Dans une étude publiée en novembre dernier dans la revue Nutriments, les chercheurs ont montré que les utilisateurs perdaient du poids après avoir utilisé une application de nutrition pendant trois mois. Si cela semble être une excellente nouvelle, tous ces programmes sont-ils créés égaux ?

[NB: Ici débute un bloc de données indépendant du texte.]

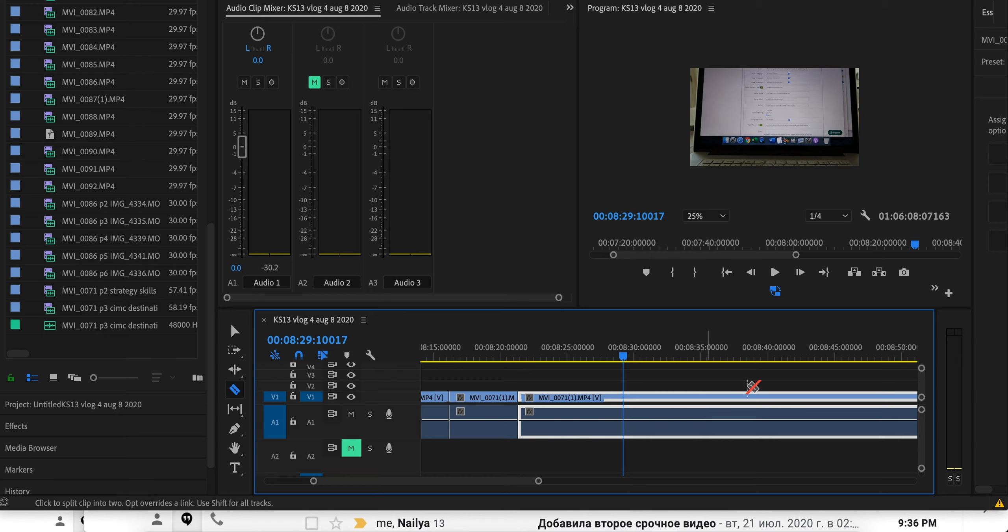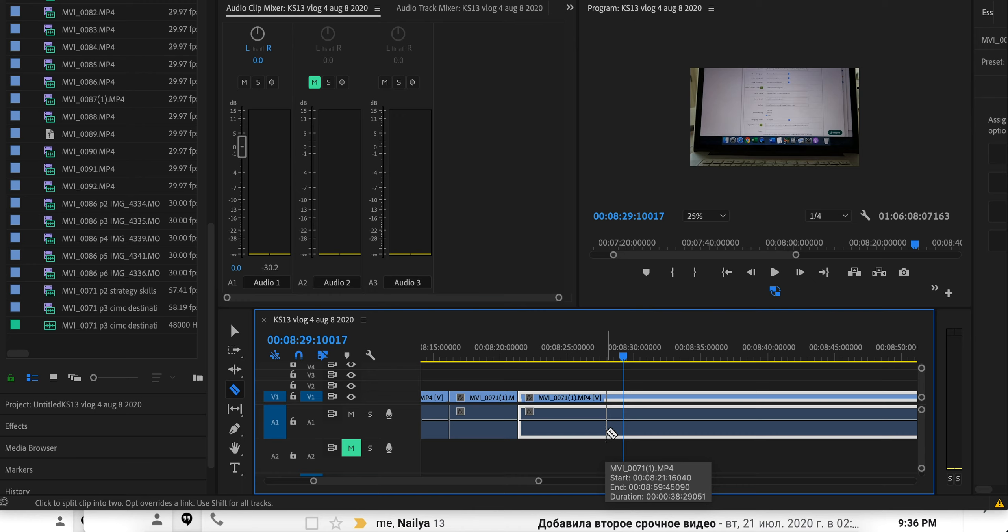Sometimes you go in, like now, and you don't see the audio waveform. So what do you do? It's very hard to edit your audio if you cannot see the waveform.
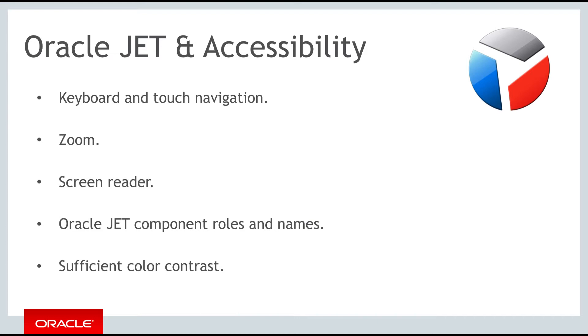For screen readers, JET supports screen readers by generating content that complies with ARIA standards, and no special mode is needed.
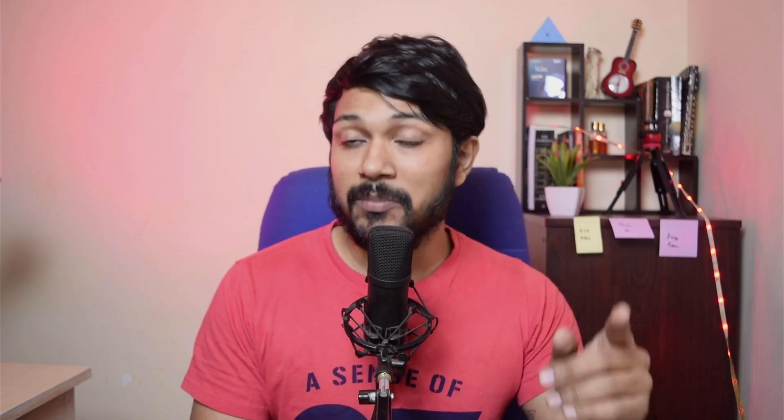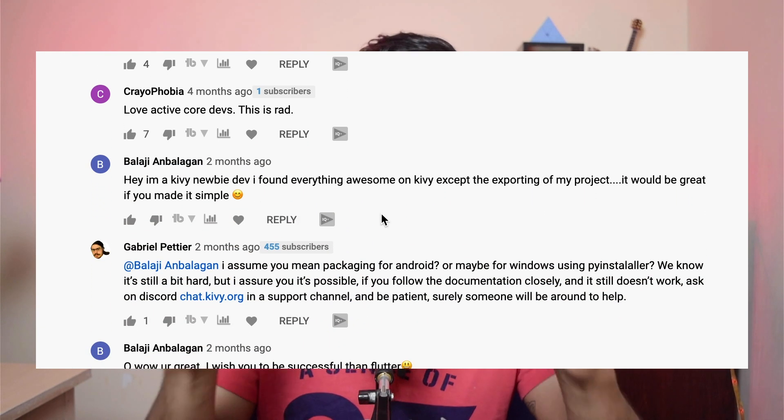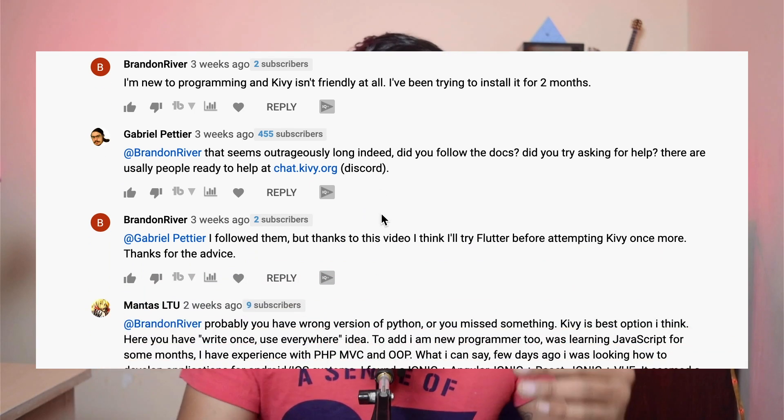A quick disclaimer: learning Kivy cannot be done in less than 15 to 20 days — it requires understanding Python first. But once you're comfortable with Python, it should take no more than one week to build even a complex Kivy application. I also want to give a shout-out to Gabriel Peter, a core Kivy developer who commented on my previous video about building Kivy on a mobile platform and cleared up a lot of doubts. I really appreciate people from core development teams helping out the community.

Pour la nutritionniste et nutritionniste Sylvie Dolhabaratz, « D’une manière générale, les applications minceur sont des calculatrices de calories. Manger 500 calories de gâteau n’est pas la même chose que manger 500 calories de haricots verts et de steak. Il y a un effet de matrice alimentaire : l’apport en fibres a un effet différent sur notre corps que de ne pas manger de fibres. » Dans la plupart de ces applications, il n’y a pas de notion d’équilibre nutritionnel, encore moins de prévention des aliments ultra-transformés. Cependant, de nombreuses études ont montré un lien entre leur consommation et l’obésité. Les fabricants simplifient à outrance les conseils nutritionnels.
risque psychologique
« Le risque de ces applis, c’est qu’elles deviennent envoûtantes, addictives. Les non avertis suivent de près les recommandations », poursuit la nutritionniste. Pour perdre du poids, les utilisateurs placent tous leurs espoirs dans des applications qui comptent chaque calorie, graisse ou glucides dans leur assiette. La nourriture devient alors une chose calculée, une contrainte plutôt qu’une source de plaisir. Mais consommer moins de calories n’est pas forcément la bonne solution, surtout si l’on ne respecte pas une alimentation équilibrée. Nous savons tous que si vous vous privez trop, vous finirez par craquer. « Notre organisme est complexe et il y a de nombreux facteurs à prendre en compte si l’on veut perdre du poids : sommeil, émotions, psychologie, stress… », précise Sylvie Dolhabaratz. « Des applications comme celle-ci sont mieux utilisées avec un support expert ».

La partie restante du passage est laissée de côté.